The idea of moving from the top job with the airy corner office back to the dark factory floor is not very appealing and might go some way to explaining why Enda Kenny did not rush his exit, writes Edel McAllister of RTÉ's Political Staff.

Despite the long goodbyes, Mr Kenny still has a job in Leinster House as a TD for Mayo - a job he has held since he won his late father’s seat in a by-election in 1975.

In 2011, Fine Gael held four out of the five seats in the sprawling constituency of Mayo.

In 2016, the constituency became a four-seater with the party retaining just two seats - that of Mr Kenny and his fellow Mayo stalwart Michael Ring.

A resurgent Fianna Fáil took the other two seats and may even attempt to take a third one the next time around.

Sinn Féin has also been making in-roads in the county, with a solid performance from Rose Conway Walsh who is building her profile as a Senator.

Given the perilous state of the Government, a by-election would be risky.

So how long will Enda Kenny solider on as a humble backbencher?  And when the time comes, will he contest the next general election?

In keeping with his habit of keeping everyone guessing, he is reported to have told his constituency organisation late last year that he would run again.

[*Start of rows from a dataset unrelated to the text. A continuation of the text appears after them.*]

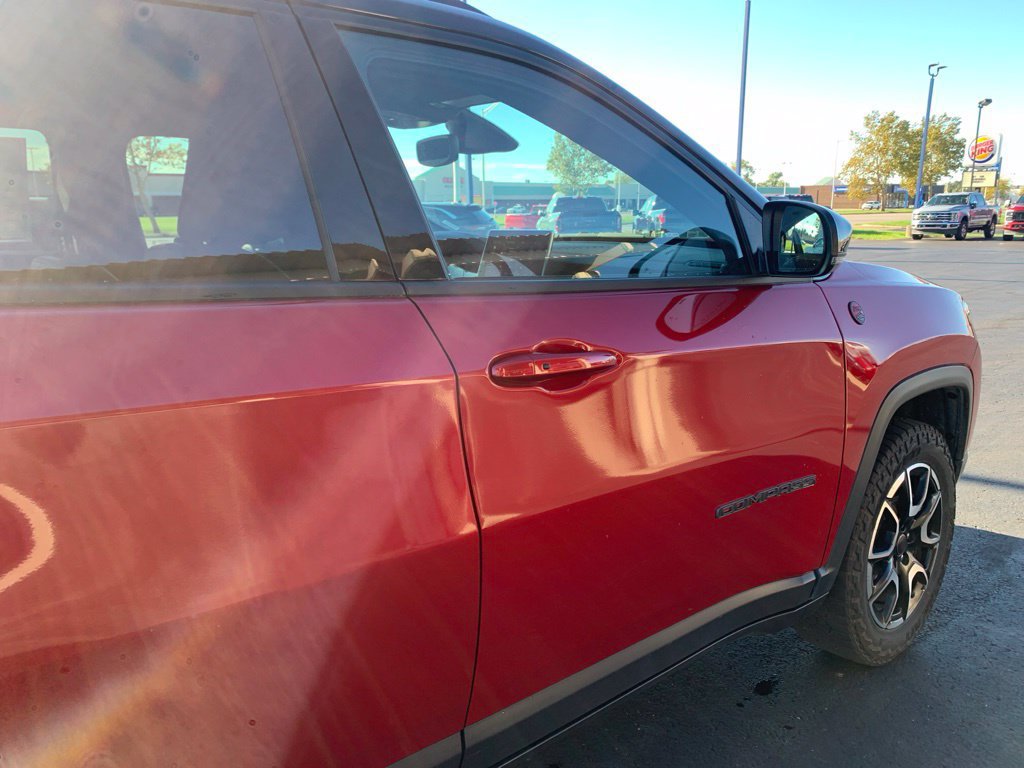 Used 2025 Jeep Compass Trailhawk AWD/4WD image 14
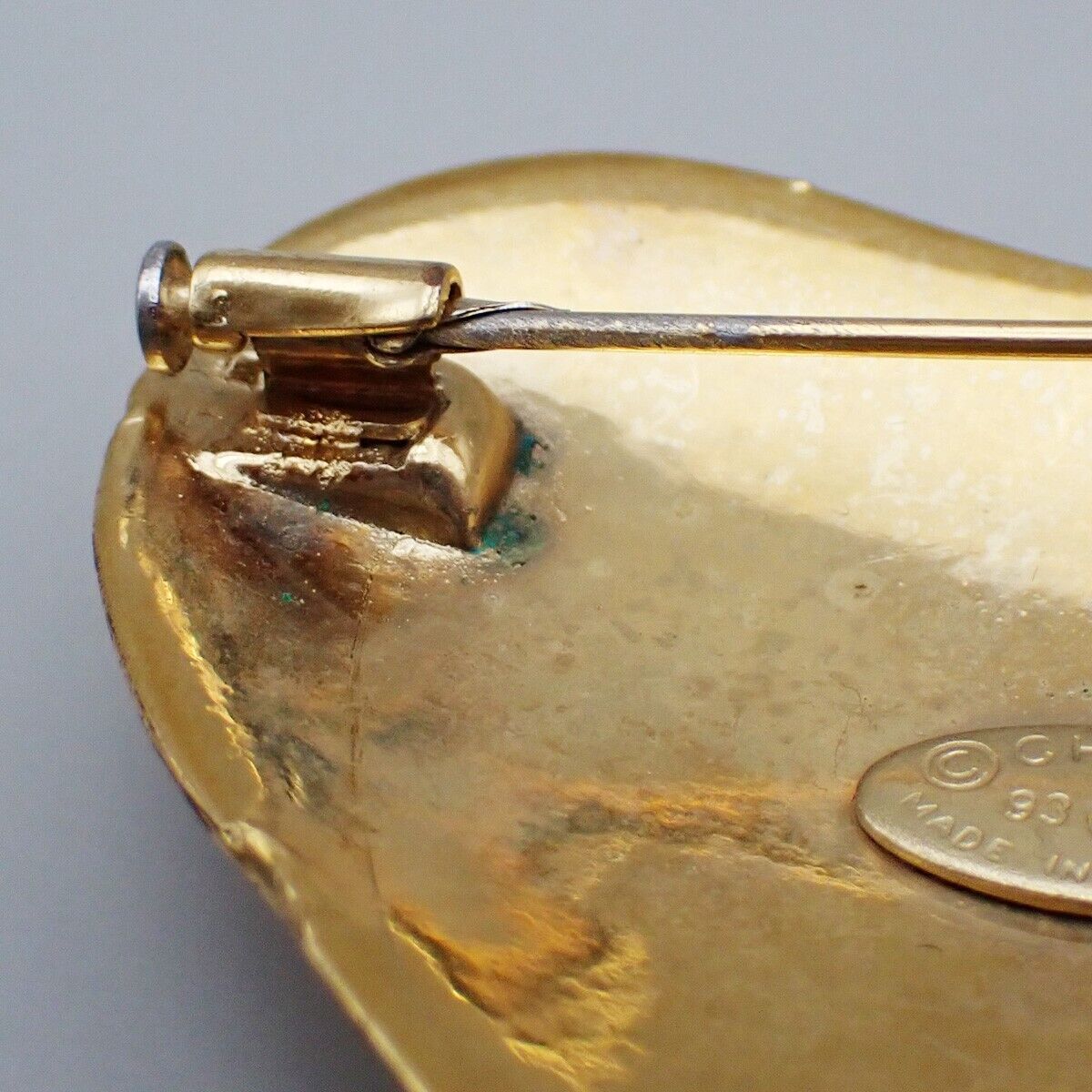 Chanel Vintage CC Heart Brooch - Brandsamsara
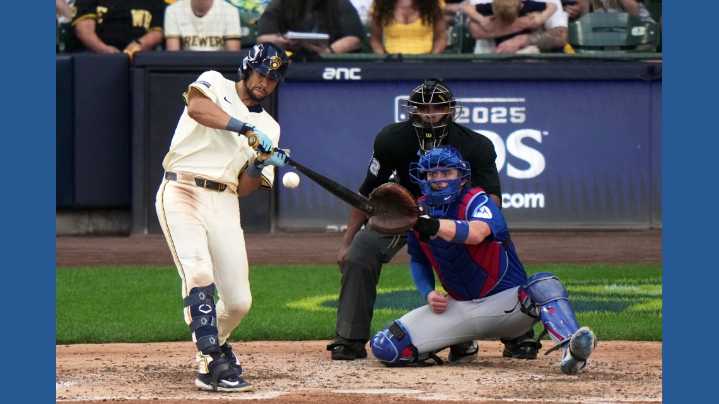 Brewers cruise past Cubs to open NLDS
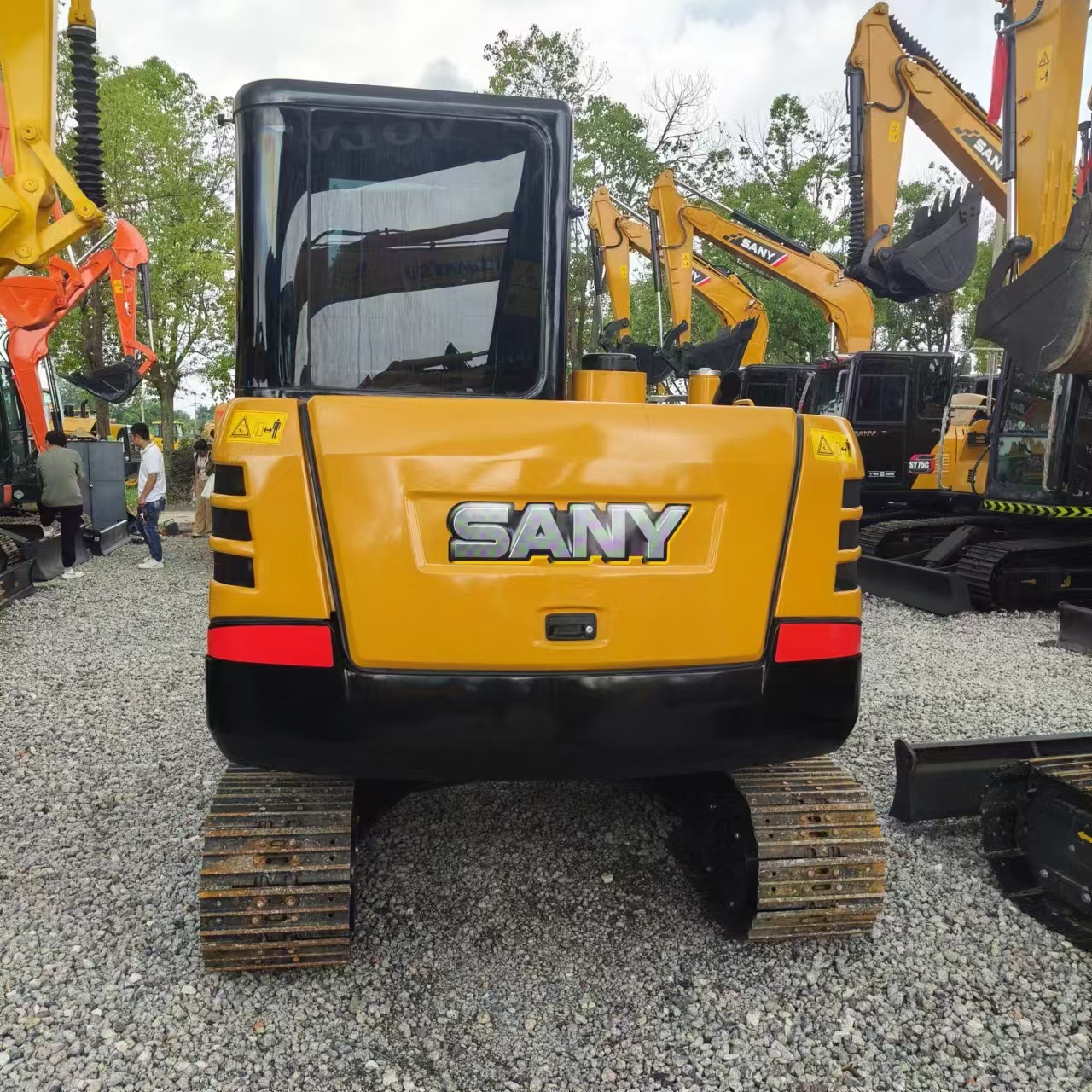 SANY SY55C - Miniexcavadora: foto 2 SANY SY55C - Miniexcavadora: foto 2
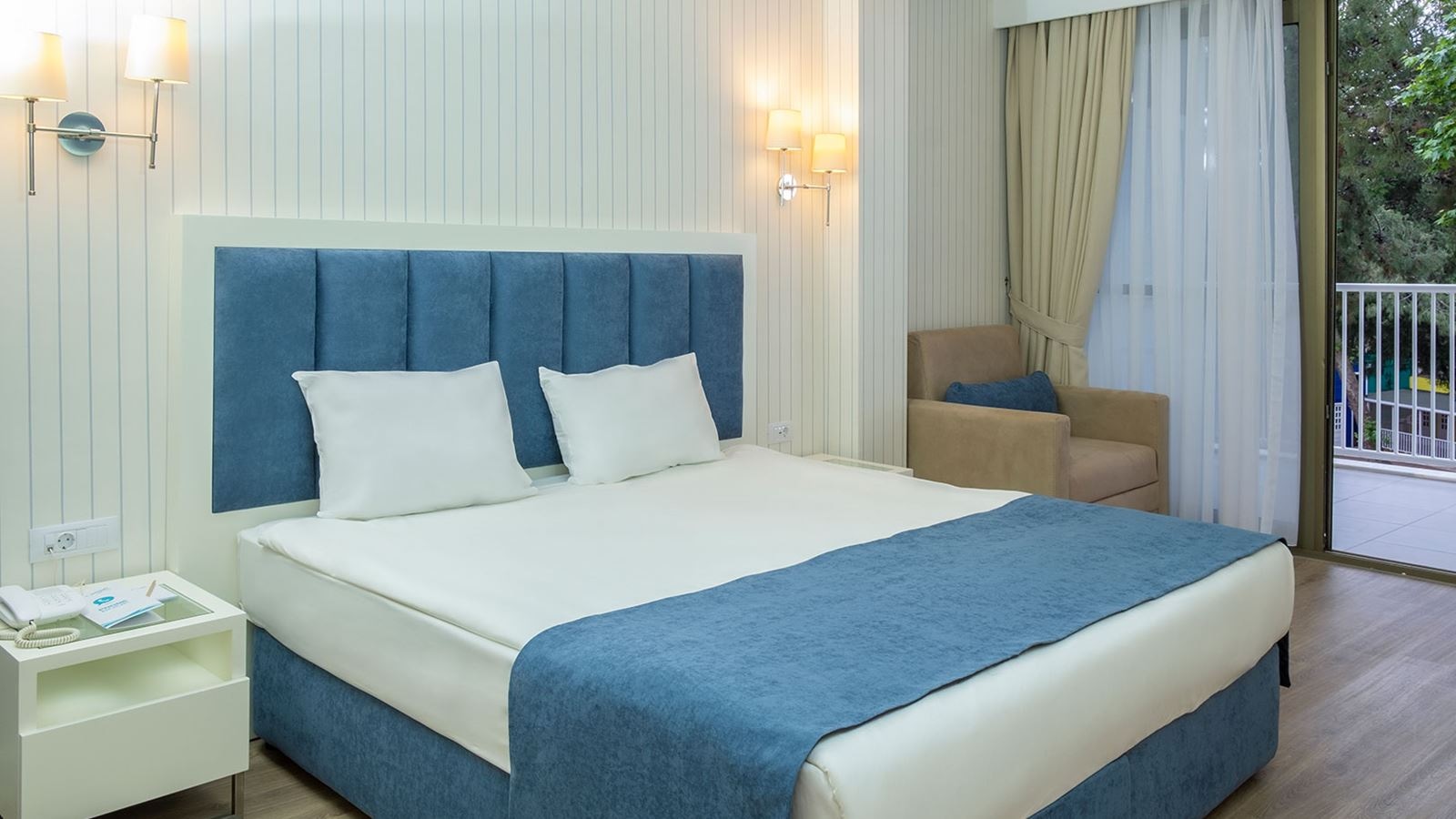 rooms-family-room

However, Editor of the Mayo News Michael Duffy now believes it is more likely that his daughter Aoibhinn will contest the seat when the time comes.

"Her college career indicates an interest in politics", Mr Duffy said, pointing out that at 26, the law graduate is already older than when her father began in politics at the tender age of 24.

In the meantime, there has been speculation that Mr Kenny may play a role in the forthcoming Brexit negotiations, which might provide some relief from the daily grind of Leinster House.

Mr Duffy believes the next phase of Mr Kenny’s future is more than likely in Europe, given his connections.